#### What needs to be done:
Pictures do not belong in the copy. Write out exactly the lines from the one containing "Fish Breamer Products – Fish Galore" through the end of the data.

+++

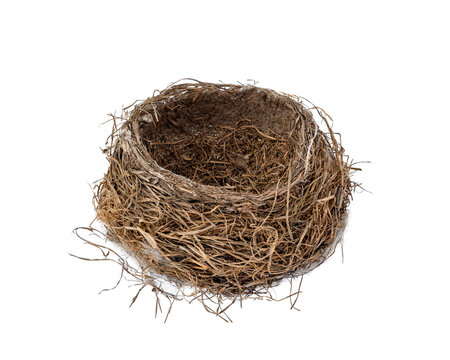 Empty bird nest isolated cutout top view on transparent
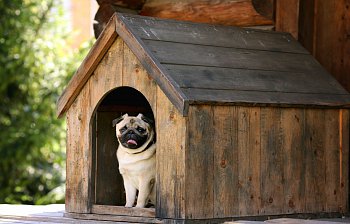 doghouse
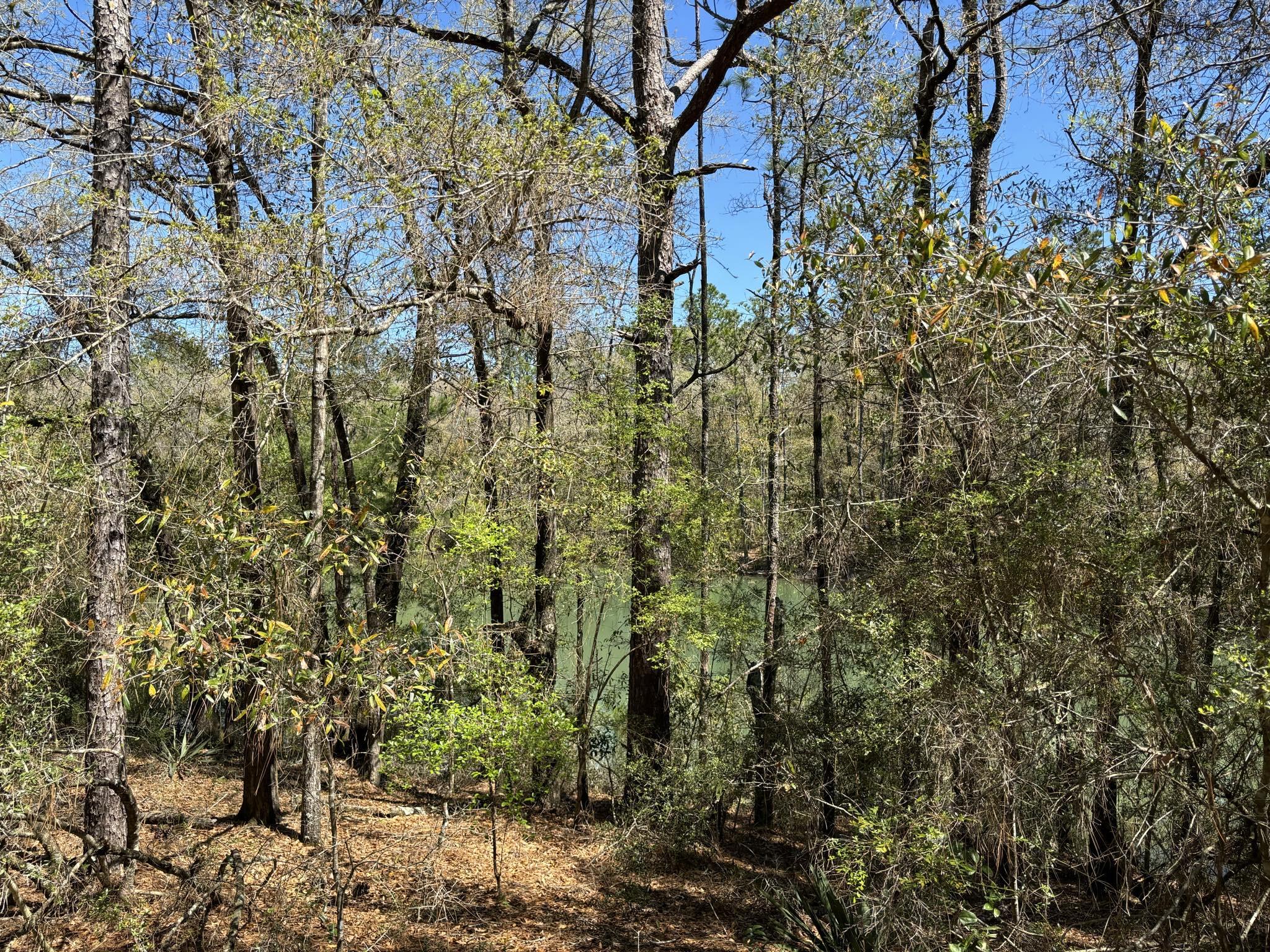 Belle Highland Est 1st Add - Land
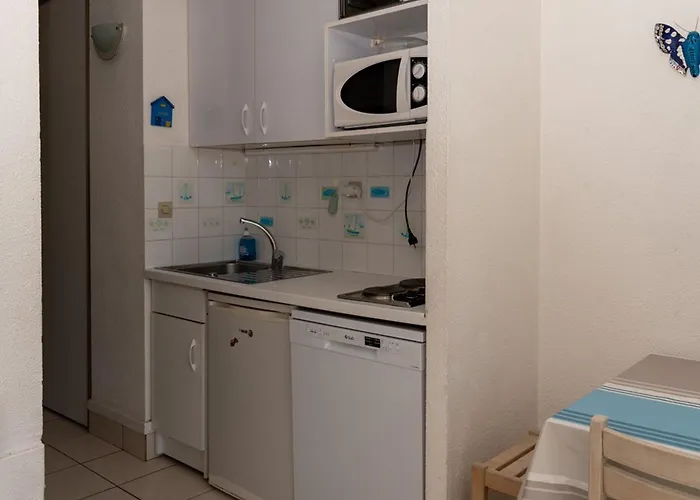 4 Pers Au Lavandou, Animaux Acceptes, Parking - Fr-1-803-63 아파트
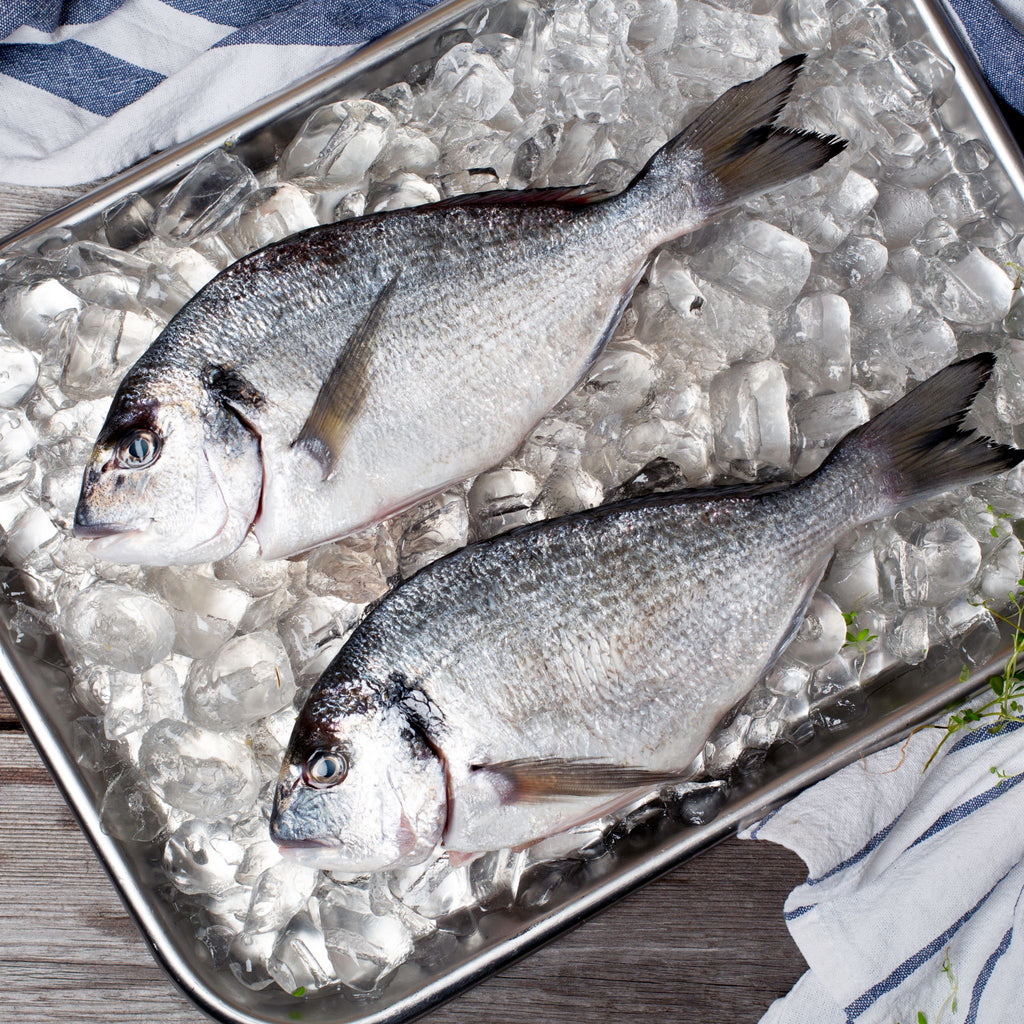 Fish Breamer Products – Fish Galore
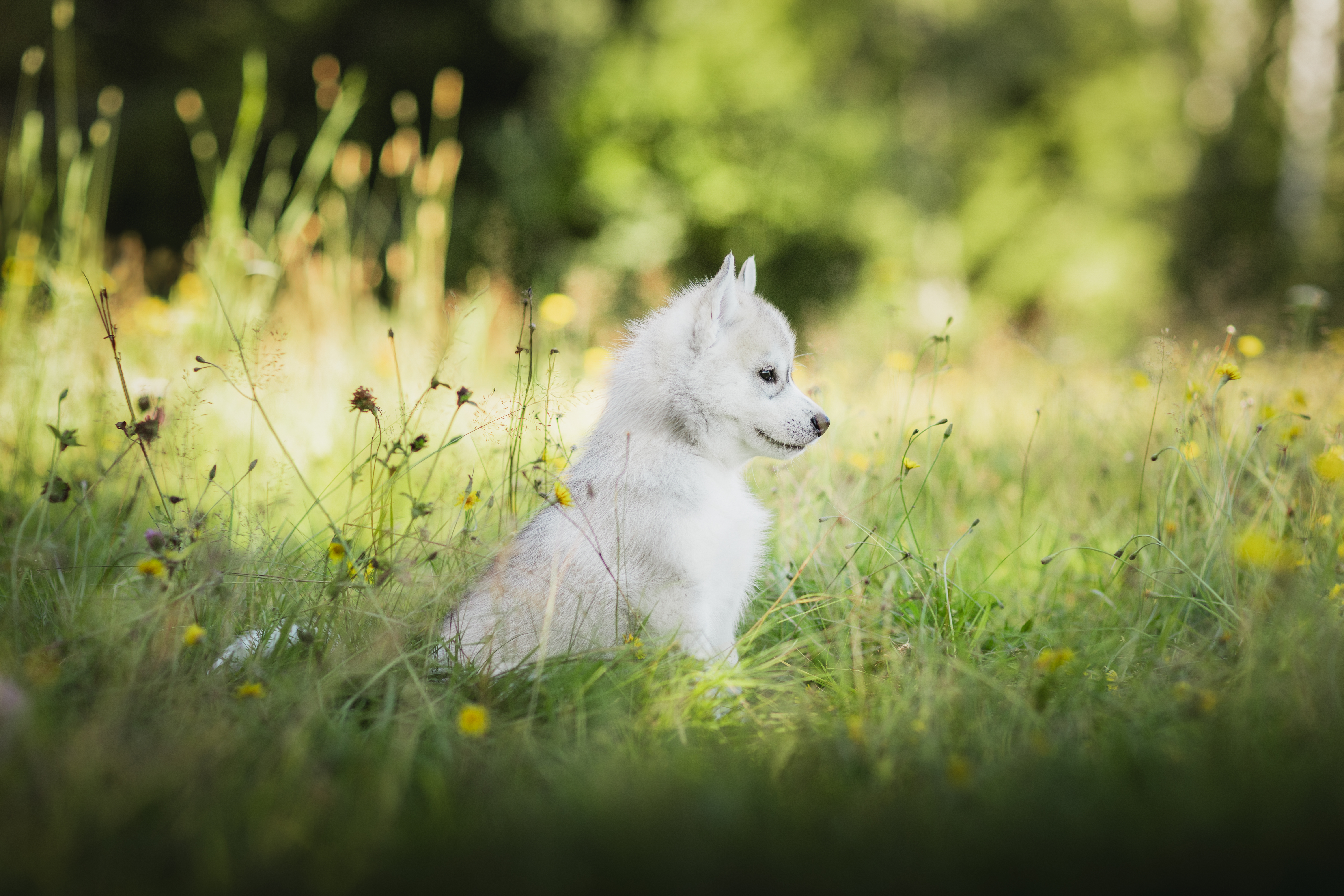 Eevee (svart) Eevee (svart)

+++

#### Response box:
 Fish Breamer Products – Fish Galore
 Eevee (svart) Eevee (svart)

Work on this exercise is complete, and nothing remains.